▸ Work required: Return each line of the data below verbatim; pictures are to be left out.

▸ Data block:
= = =
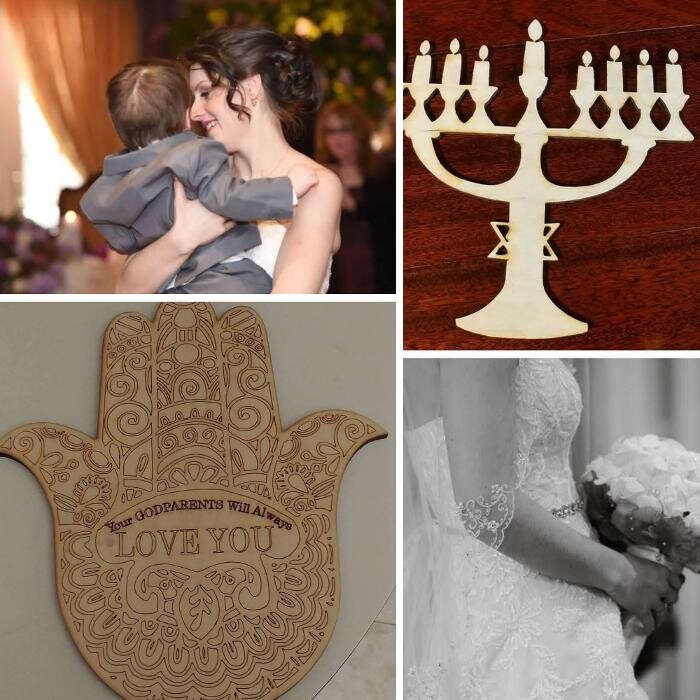 Images Timeless Tale Events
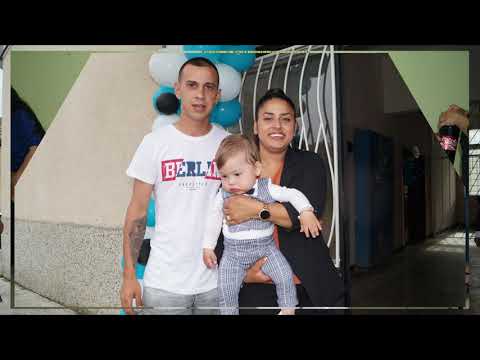 Видео: Честит юбилей 50г на Иван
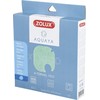Zolux Aquaya filtravimo įdėklas fosfatų šalinimui akvariume, 100 ml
= = =
▸ Your response:
 Images Timeless Tale Events
 Видео: Честит юбилей 50г на Иван
Zolux Aquaya filtravimo įdėklas fosfatų šalinimui akvariume, 100 ml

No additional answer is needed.